By her journey’s close Frances discovers where she fits in is not where she might like to think she would. Ironically, her infatuation with her well-heeled university girlfriend Dagmar causes her heartache, just as her love for her English professor proves to be one-sided. Yet a sense of belonging can come from odd places, as Frances realizes when she makes some deeper connections with each of her roommates, especially campy Carla. Yet, even more surprising, who would expect that Frances could feel such powerful sensations with “sleazy Dwight” (185) that she could not experience with Nigel, despite his “cool John Lennon stares” (140)?

In the end, we are drawn convincingly into Frances’ world. Readers of U Girl will also appreciate and enjoy recognizing so many local haunts revealed in these pages. The ones who are likely to be the most enchanted are those who can identify the myriad allusions, relate to the trials and triumphs of writing, or, like Frances, aspire to do so and grow in the process.

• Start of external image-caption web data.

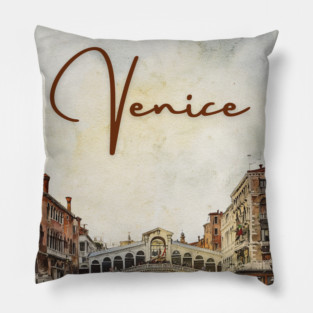 Venice Grand Canal Watercolor Painting – Romantic Italy Wall Art Pillow
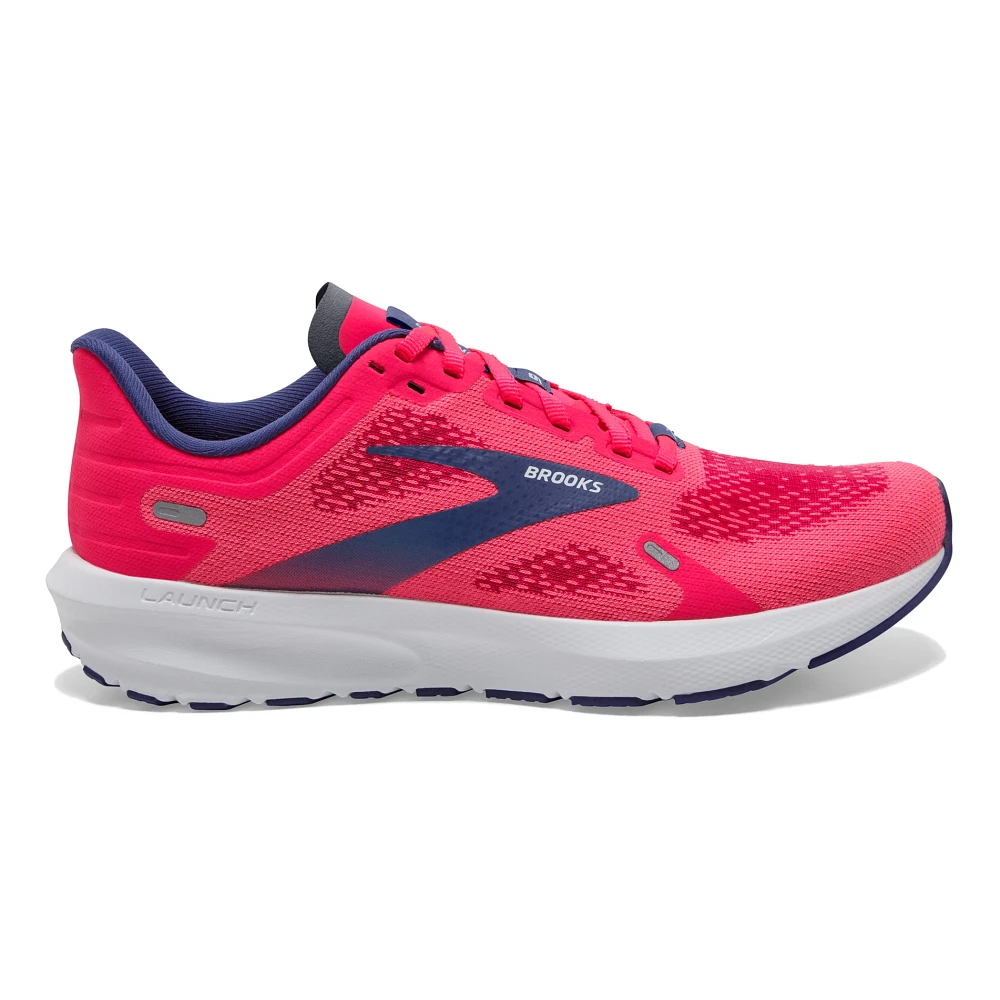 Women's Brooks Launch 9. Pink upper. White midsole. Lateral view.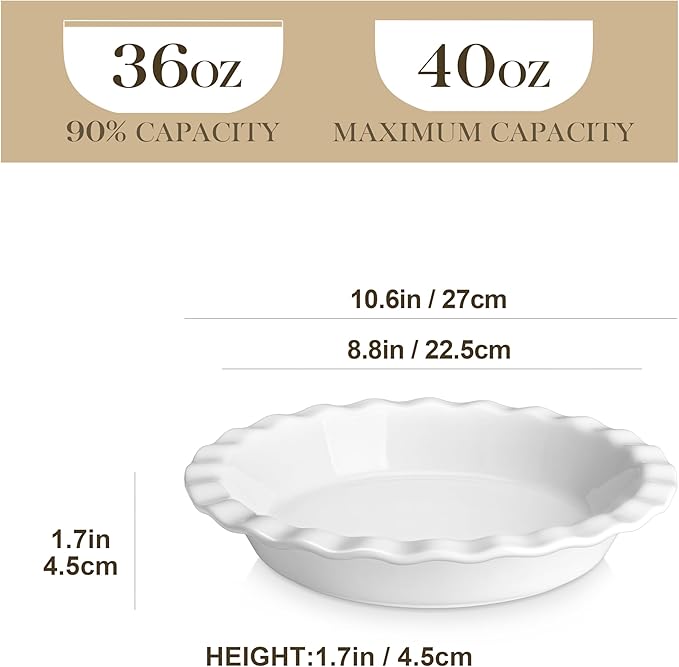 MALACASA Ceramic Pie Pan, Pie Pan for Baking 9 Inch, 40 OZ Pie Plate Round Pie Dish for Baking Fluted Pie Dish Baking Pan, Non Stick Deep Pie Dishes for Quiche, Apple Pies, Pot Pies, Tart, etc.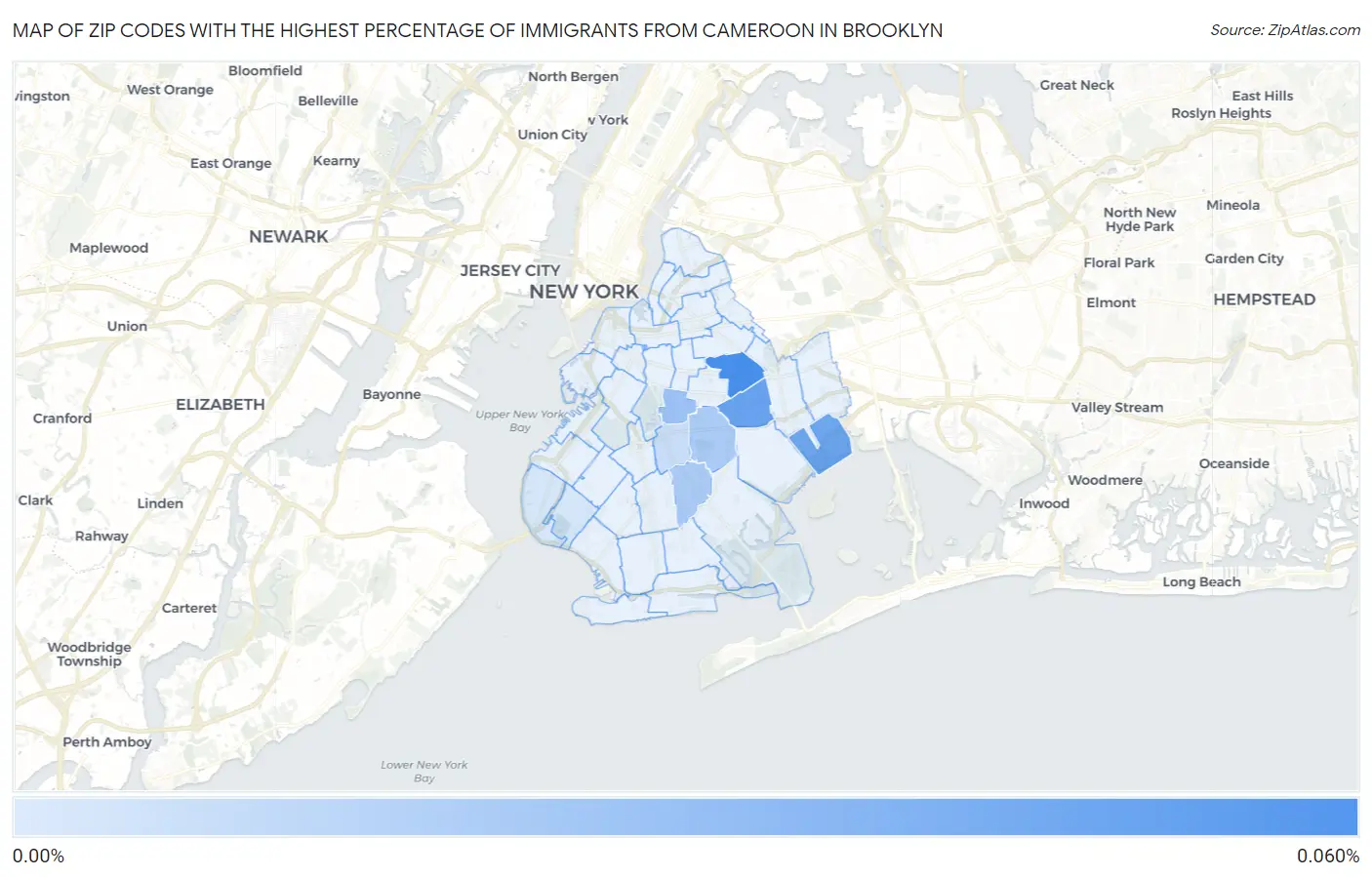 Zip Codes with the Highest Percentage of Immigrants from Cameroon in Brooklyn Map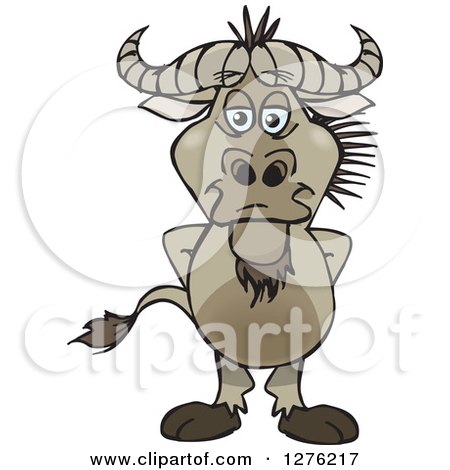 Clipart of a Wildebeest Standing - Royalty Free Vector Illustration by Dennis Holmes Designs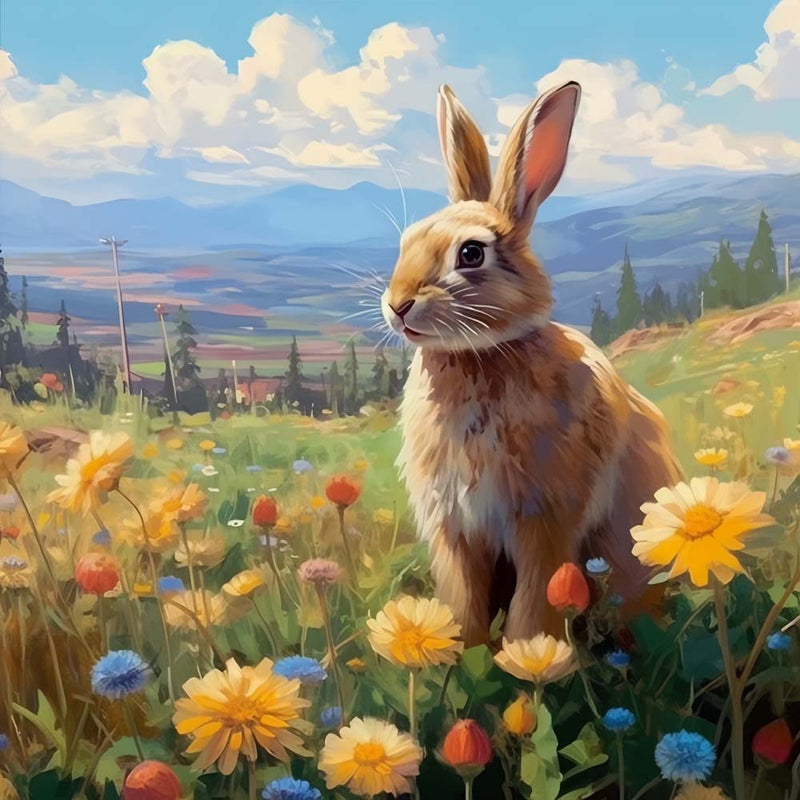 Kaninchen und Gänseblümchen auf dem Feld Diamond Painting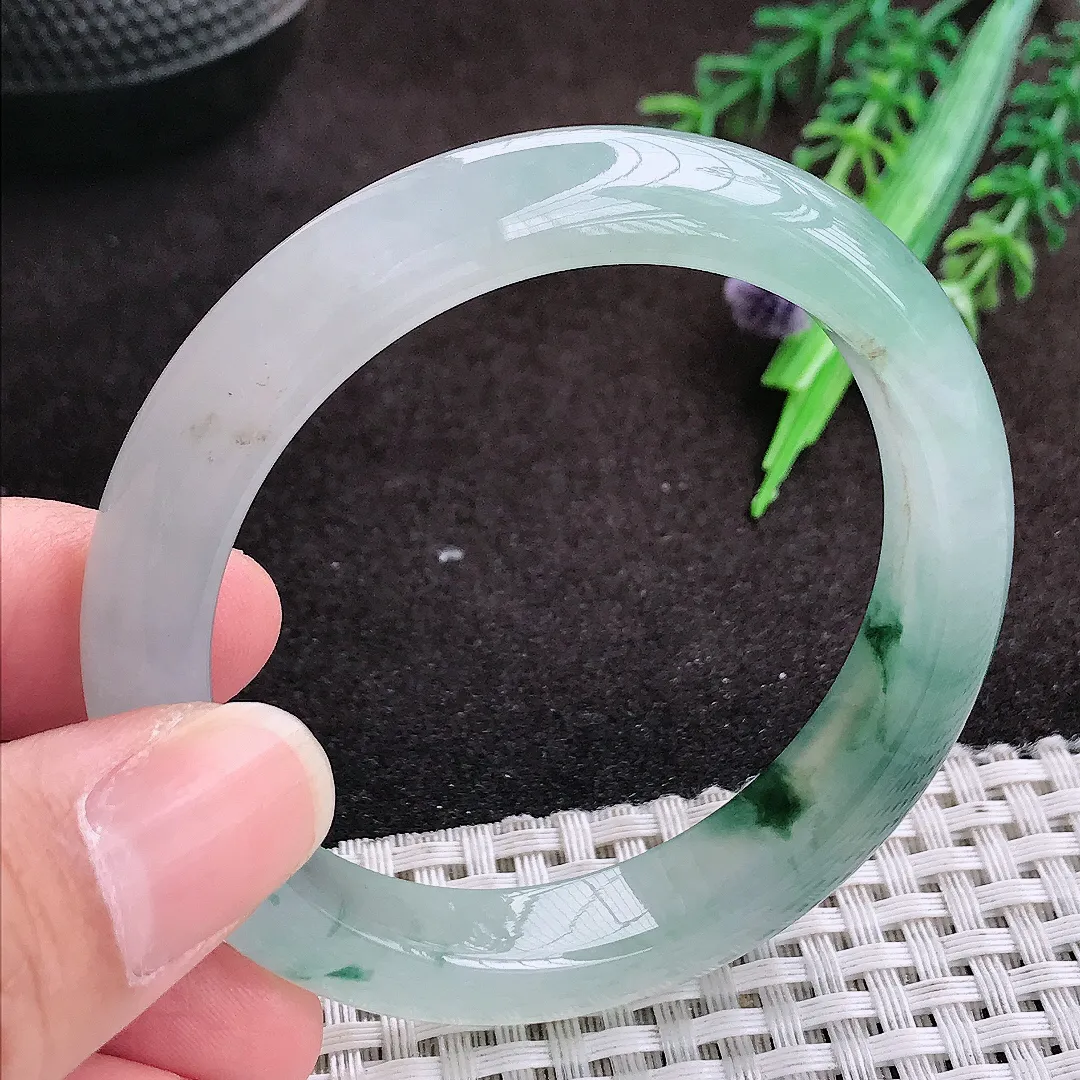 自然光52.5/10.8/8老坑冰胶果冻冰飘花手镯宽边翡翠玉镯手环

Andrea Westcott received her undergraduate degree from the University of Alberta in Honours English and her MA from Queen’s in Kingston, ON. Her MA thesis compared Carlyle to Disraeli. Andrea’s PhD, granted from the University of Toronto, is entitled “The Art of Anne Bronte”. Her teaching career began in the English Department at UBC, and since then, Professor Westcott has been teaching at Capilano University. She is a member of the Women’s and Gender Studies Department at Capilano University, researching and writing about women writers from the Victorian period through to the present. See, for example, the essay, “A Matter of Strong Prejudice: Gilbert Markham’s Self-Portrait”, published in New Approaches to the Literary Art of Anne Bronte edited by Julie Nash and Barbara A. Seuss.